[英]classifying a series to a new column in pandas
I want to be able to take my current set of data, which is filled with ints, and classify them according to certain criteria. 我希望能够获取当前的数据集,其中包含整数,并根据特定条件对其进行分类。 The table looks something like this:
该表看起来像这样:
[in]> df = pd.DataFrame({'A':[0,2,3,2,0,0],'B': [1,0,2,0,0,0],'C': [0,0,1,0,1,0]})
[out]>
A B C
0 0 1 0
1 2 0 0
2 3 2 1
3 2 0 0
4 0 0 1
5 0 0 0
I'd like to classify these in a separate column by string. 我想在一个单独的列中按字符串对这些进行分类。 Being more familiar with R, I tried to create a new column with the rules in that column's definition.

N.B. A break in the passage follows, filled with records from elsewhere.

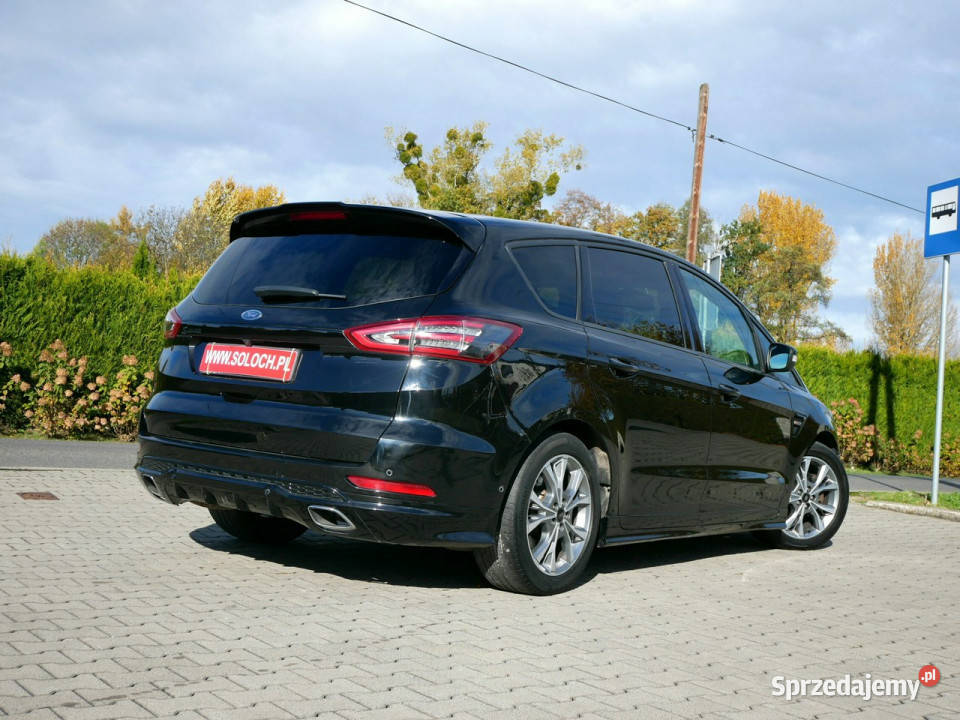 Ford S 20TDCI 210 Eu6 StLine Automat 5 Osób II światła przeciwmgielne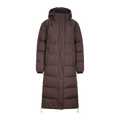 Ida Down Coat - Black Coffee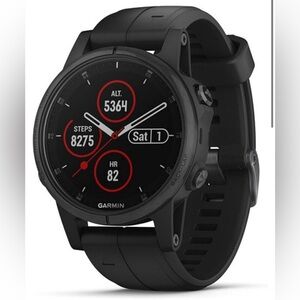 Garmin Fenix 5s watch!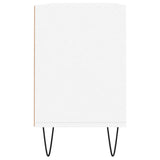 TV Cabinet White 103.5x30x50 cm Engineered Wood 826988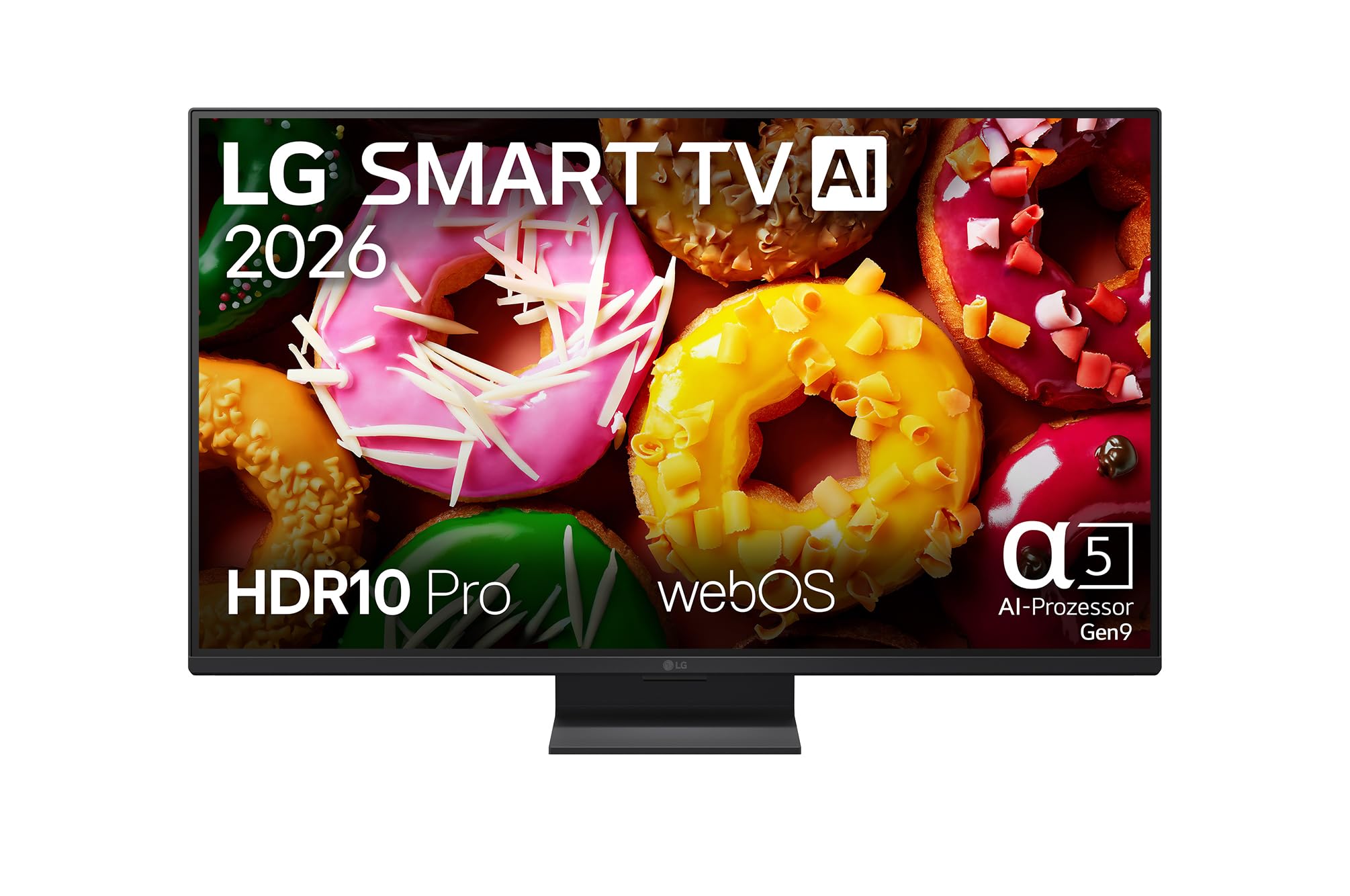 LG 27LB70006LA TV 27 Zoll (68 cm) Full HD LCD TV (α5 Gen9 4K AI Prozessor, webOS 26, 120Hz) [Modelljahr 2026] [Energieklasse E]
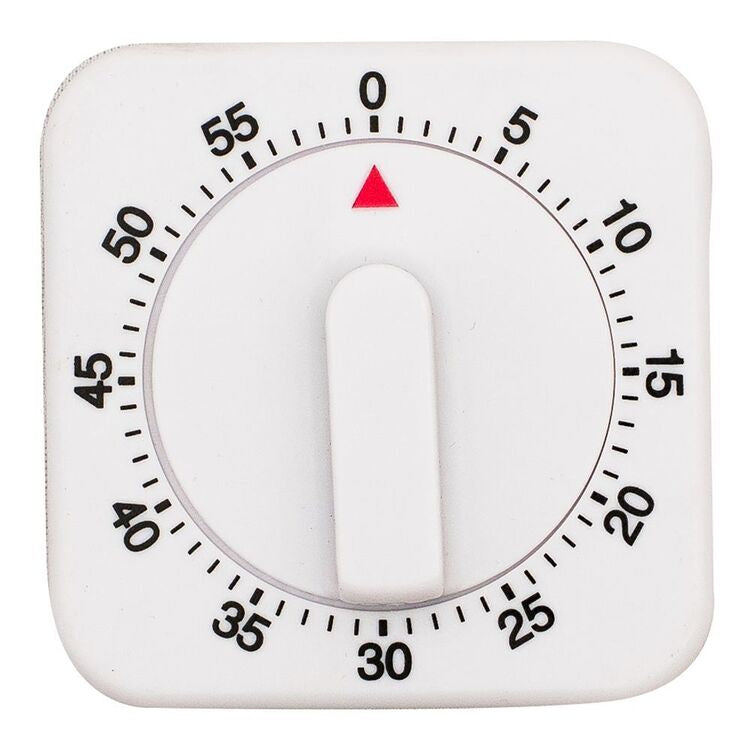 Avanti Mechanical Timer - White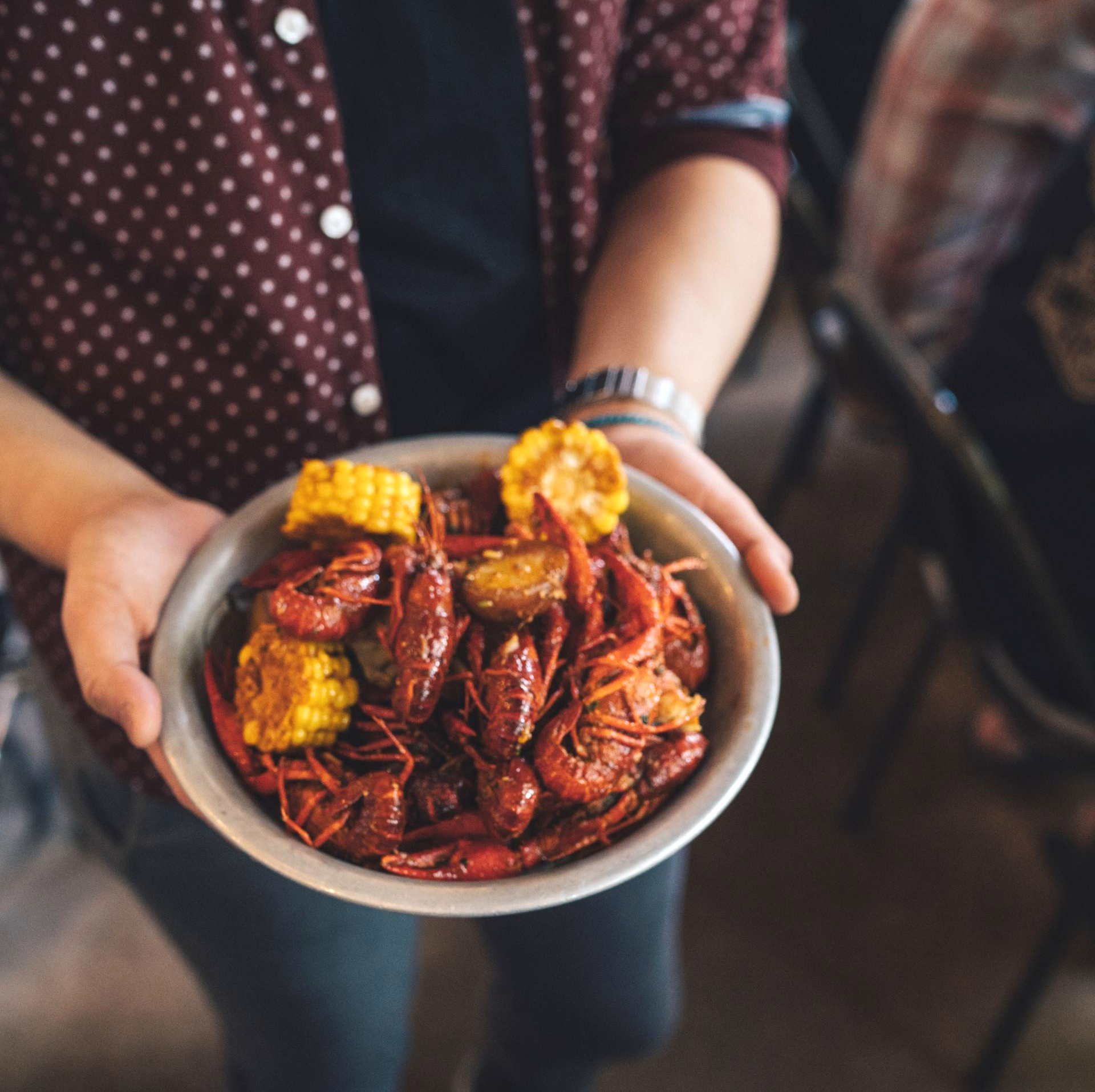 Buffalo Shrimp Platter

由于更熟悉R,我尝试使用该列定义中的规则创建一个新列。 Following that I attempted with .ix and lambdas which both resulted in a type errors (between ints & series ).
之后我尝试使用.ix和lambdas两者都导致类型错误(在整数和系列之间)。 I'm under the impression that this is a fairly simple question.
我的印象是这是一个相当简单的问题。 Although the following is completely wrong, here is the logic from attempt 1:
虽然以下是完全错误的,但这是来自尝试1的逻辑:
df['D']=(
if ((df['A'] > 0) & (df['B'] == 0) & df['C']==0):
return "c1";
elif ((df['A'] == 0) & ((df['B'] > 0) | df['C'] >0)):
return "c2";
else:
return "c3";)
for a final result of: 为了最终结果:
A B C D
0 0 1 0 "c2"
1 2 0 0 "c1"
2 3 2 1 "c3"
3 2 0 0 "c1"
4 0 0 1 "c2"
5 0 0 0 "c3"
If someone could help me figure this out it would be much appreciated. 如果有人可以帮我解决这个问题,我将不胜感激。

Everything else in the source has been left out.